··· Data below ···

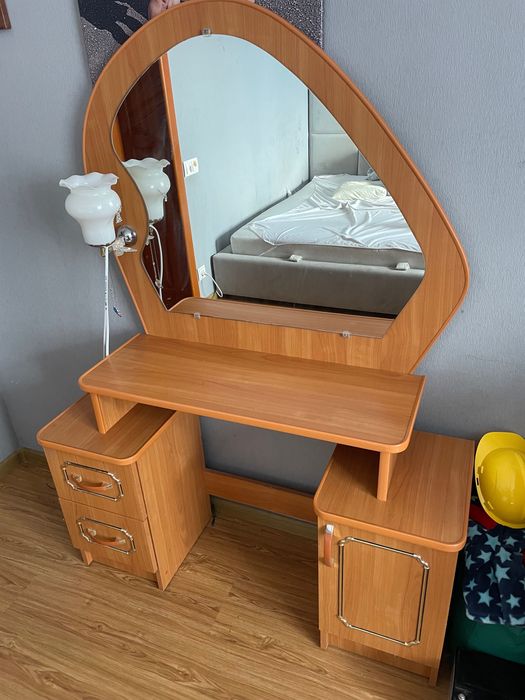 Столик кімнатний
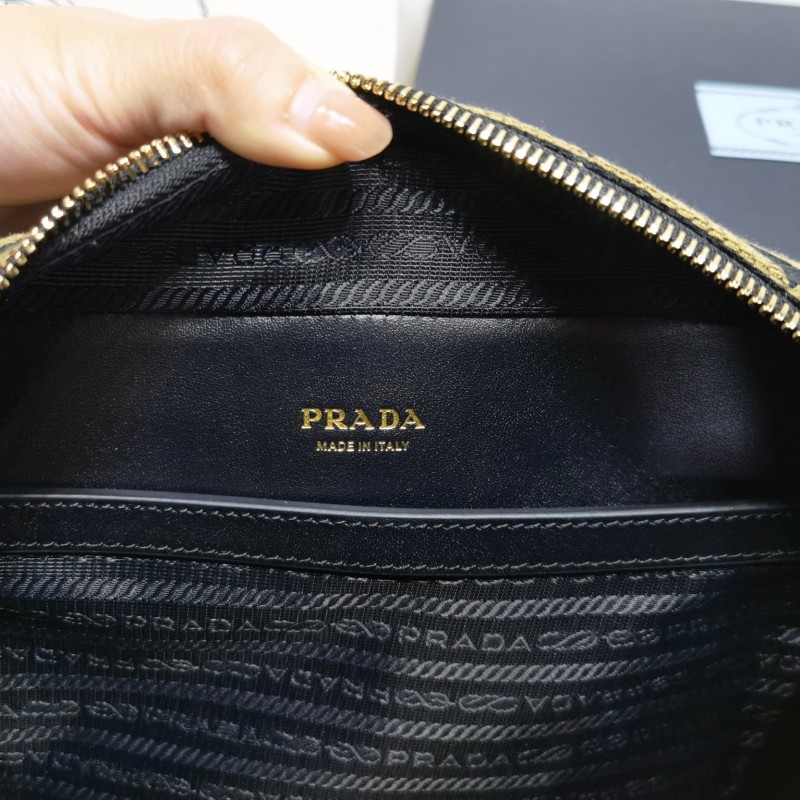 Prada 斜挎包 / 邮差包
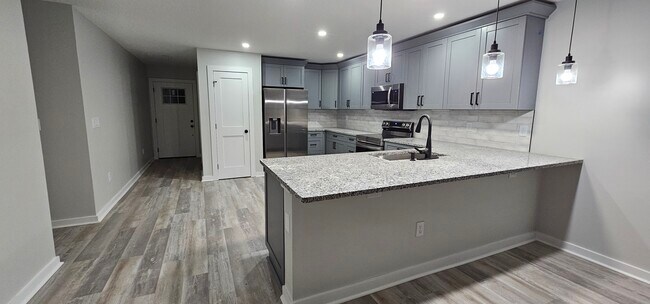 Photo - 594 N Wilderness Trail House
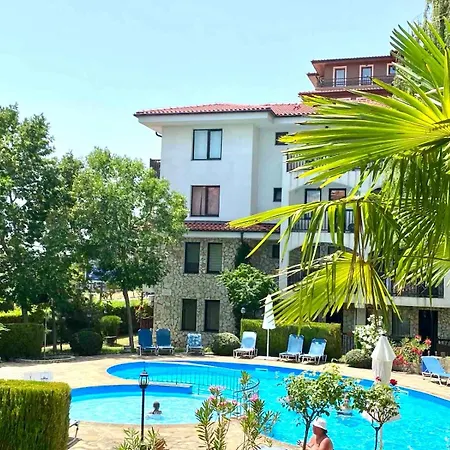 Delfin Penthouse Amazing View Апартаменти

···

▸ **Work instruction**
In the answer, retype exactly and only the lines from the one holding "Photo - 594 N Wilderness Trail House" through the end of the listing, keeping both ends and dropping every picture.

▸ **Task result**
 Photo - 594 N Wilderness Trail House
 Delfin Penthouse Amazing View Апартаменти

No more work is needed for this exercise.